Síndrome Hemolítico-Urêmica Pediátrica: Diagnóstico e Manejo

USP/HCRP - Hospital das Clínicas de Ribeirão Preto (SP) — Prova 2022

Enunciado

Criança eutrófica, da raça negra, com 9 meses de idade e quadro de diarreia com sangue há 5 dias. Está fazendo uso de ceftriaxona IM há 4 dias. Mãe refere que apesar da melhora da diarreia a criança está urinando menos, com edema palpebral discreto e está mais irritada há 1 dia. Exame físico: criança hidratada, pálida +++/4+; edema palpebral bilateral, FR 40 ipm FC 140 bpm, 2 bulhas rítmicas e normofonéticas com sopro sistólico suave, PA 120 x 80 mmHg.

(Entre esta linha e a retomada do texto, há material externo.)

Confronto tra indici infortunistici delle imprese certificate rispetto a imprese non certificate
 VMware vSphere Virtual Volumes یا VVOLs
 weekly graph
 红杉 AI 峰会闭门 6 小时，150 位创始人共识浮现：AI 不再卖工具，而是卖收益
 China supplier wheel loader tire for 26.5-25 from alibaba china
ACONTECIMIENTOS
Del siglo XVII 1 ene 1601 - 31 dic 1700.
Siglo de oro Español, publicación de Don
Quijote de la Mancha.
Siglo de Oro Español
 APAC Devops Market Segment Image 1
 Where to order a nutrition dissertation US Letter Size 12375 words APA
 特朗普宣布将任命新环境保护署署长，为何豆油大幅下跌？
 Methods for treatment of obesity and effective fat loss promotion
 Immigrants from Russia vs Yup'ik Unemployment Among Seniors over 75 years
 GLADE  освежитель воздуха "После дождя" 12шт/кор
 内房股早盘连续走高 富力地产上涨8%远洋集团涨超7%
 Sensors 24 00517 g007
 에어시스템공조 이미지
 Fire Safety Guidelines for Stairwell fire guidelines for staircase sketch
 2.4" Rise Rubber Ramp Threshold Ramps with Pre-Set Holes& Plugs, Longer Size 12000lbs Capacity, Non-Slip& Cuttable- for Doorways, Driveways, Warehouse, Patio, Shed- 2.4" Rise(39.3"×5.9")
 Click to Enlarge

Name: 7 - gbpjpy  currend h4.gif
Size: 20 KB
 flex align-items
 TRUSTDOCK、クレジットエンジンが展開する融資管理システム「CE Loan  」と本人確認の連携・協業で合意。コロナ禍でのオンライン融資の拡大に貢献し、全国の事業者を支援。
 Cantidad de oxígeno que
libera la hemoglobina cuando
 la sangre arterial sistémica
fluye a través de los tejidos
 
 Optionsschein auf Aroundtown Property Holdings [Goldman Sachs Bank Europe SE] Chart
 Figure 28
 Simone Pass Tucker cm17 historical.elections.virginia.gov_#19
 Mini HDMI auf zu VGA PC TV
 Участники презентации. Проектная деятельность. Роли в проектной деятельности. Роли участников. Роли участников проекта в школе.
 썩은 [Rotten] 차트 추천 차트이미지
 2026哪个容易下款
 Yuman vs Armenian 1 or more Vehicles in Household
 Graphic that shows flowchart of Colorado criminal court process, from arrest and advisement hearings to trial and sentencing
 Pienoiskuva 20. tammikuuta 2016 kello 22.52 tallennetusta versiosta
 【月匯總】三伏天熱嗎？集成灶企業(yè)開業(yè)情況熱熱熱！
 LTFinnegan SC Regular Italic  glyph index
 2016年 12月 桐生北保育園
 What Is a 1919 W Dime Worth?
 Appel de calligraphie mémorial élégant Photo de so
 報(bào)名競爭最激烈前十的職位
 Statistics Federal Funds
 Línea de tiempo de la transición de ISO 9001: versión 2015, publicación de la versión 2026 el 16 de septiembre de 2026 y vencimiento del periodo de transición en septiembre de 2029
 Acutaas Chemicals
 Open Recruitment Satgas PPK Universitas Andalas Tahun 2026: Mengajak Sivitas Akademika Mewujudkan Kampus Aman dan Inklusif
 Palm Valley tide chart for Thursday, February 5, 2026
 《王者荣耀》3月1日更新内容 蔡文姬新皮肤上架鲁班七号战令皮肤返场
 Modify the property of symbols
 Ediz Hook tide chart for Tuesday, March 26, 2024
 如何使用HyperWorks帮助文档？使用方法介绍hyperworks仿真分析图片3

Exames colhidos no pronto socorro. Hemograma: Hb 6,0 g/dL, Ht 17,9 %, GB 18.500 e plaquetas 75.000. Reticulocitose. Ureia 70 e creatinina 2,5 mg/DI. Urina tipo 1: densidade 1,012; pH 5,5; proteinuria ++, leucócitos 10 por campo e hemácias 15 por campo de grande aumento.Com relação a anemia, qual o tratamento mais indicado nesse momento?

Alternativas

  1. A) Eritropoetina subcutânea.
  2. B) Reposição de ferro.
  3. C) Corticoterapia.
  4. D) Concentrado de hemácias.

Pérola Clínica

Diarreia sanguinolenta + LRA + anemia hemolítica + trombocitopenia → SHU. Anemia grave = transfusão de concentrado de hemácias.

Resumo-Chave

O quadro clínico de diarreia com sangue, lesão renal aguda (oligúria, edema, ureia/creatinina elevadas), anemia hemolítica microangiopática (Hb baixa, reticulocitose, esquizócitos) e trombocitopenia é altamente sugestivo de Síndrome Hemolítico-Urêmica (SHU). A anemia grave (Hb 6,0 g/dL) requer transfusão de concentrado de hemácias para estabilização.

Contexto Educacional

A Síndrome Hemolítico-Urêmica (SHU) é uma microangiopatia trombótica caracterizada pela tríade de anemia hemolítica microangiopática, trombocitopenia e lesão renal aguda. É a causa mais comum de insuficiência renal aguda em crianças e frequentemente é precedida por um quadro de diarreia sanguinolenta, geralmente causada por infecção por Escherichia coli produtora de toxina Shiga (STEC), como a O157:H7. A fisiopatologia envolve a ação da toxina Shiga no endotélio vascular, levando à formação de trombos nas arteríolas e capilares, especialmente nos rins. Isso resulta em hemólise intravascular (anemia com esquizócitos, reticulocitose, DHL elevado), consumo de plaquetas (trombocitopenia) e isquemia renal (lesão renal aguda com oligúria, edema, elevação de ureia e creatinina). O uso de alguns antibióticos na fase diarreica pode, em tese, aumentar o risco de SHU ao induzir a liberação da toxina. O tratamento da SHU é principalmente de suporte. A anemia grave (Hb < 7 g/dL) requer transfusão de concentrado de hemácias para manter a oxigenação tecidual. A lesão renal aguda pode necessitar de diálise. Não há tratamento específico para a toxina Shiga. É fundamental que residentes reconheçam rapidamente o quadro para iniciar o suporte adequado e monitorar as complicações, como hipertensão e envolvimento neurológico.

Perguntas Frequentes

Quais são os três pilares diagnósticos da Síndrome Hemolítico-Urêmica (SHU)?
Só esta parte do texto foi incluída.